4 thoughts on “So the unemployed don’t piss?

  1. Ah yes, the incipient incontinence of the unemployed claimants! Perhaps in denying these ‘customers’ the ease they seek/need, there is a punishment factor in all of this – ie – ‘You’re out of work and claiming benefits, therefore you don’t expect *luxury* do you?’ It doesn’t matter whether the fact that you’re unemployed is more often than not down to factors outwith the claimant’s (sorry, ‘customer’s) control. The Great Unwashed Unemployed are a scourge …..

    ooh a bijou rant-ette of my own there! ;)

  2. The incontinent benefit claimant has to go to ASDA (not a good day) also more chance of finding a job there than in junkiecentre+. You have to give them credit though, it must take alot of practice & training to create an environment so appalling that it is easier to have a job than to visit a job centre for 1 hour every two weeks. I made a grave error in printing out more than their allocated 3 jobs per customer last week. I have the solution though! Instead of the job points which are out of paper, don’t properly advertise the jobs unless you’re a door to door salesman. Why not have a kind of cards on the wall system, job gets filled card comes down. New job new card.

    Good luck on the job search

  3. I have experience of two Job Centres, admittedly both a long time ago. One, that served a large town and surrounding villages in a posh bit of Hampshire, had carpet on the floor, free machines serving something that pretended to be coffee, desks for you and your adviser to share a friendly chat at, the printers always had paper and there were several daily national and local papers delivered. I can’t remember about toilets, sorry.

    The second, not so much. In an “up and coming,” “regenerating” area of London, it had wipe-clean vinyl floors, the advisers all sat behind chair-proof glass, not that it mattered because all the chairs were bolted to the floor, the computers never had paper, no matter what time you arrived, and as for free drinks and newspapers? Har har har.
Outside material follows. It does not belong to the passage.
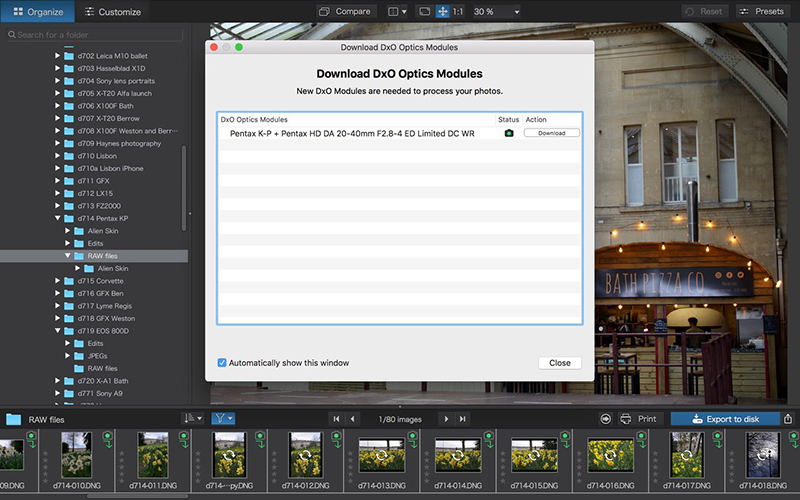 DxO PhotoLab 2 2.3.2.44 for Mac|Mac版下载 | 摄影修图软件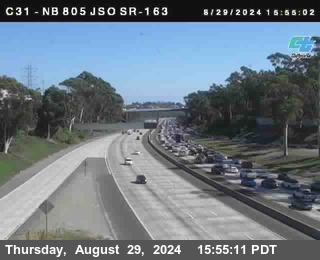 NB 805 JSO Rte 163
    I think it’s partly that people behave at the level that you aim them at – if you treat them like civilised grown-ups, they behave like that. If you treat them like sub-human animals, they throw chairs at your head.

    Also, I suspect that perception has a part to play – “we’re in a nice area, therefore we will mostly be dealing with nice people, so we will treat them nicely.” Or “we’re in a deprived, run-down area, all our clients will be thugs, quick, bolt the chairs to the floor.” Whether it’s treatment or behaviour that came first, I have no idea.

    Sorry, first comment, and it’s hugely long!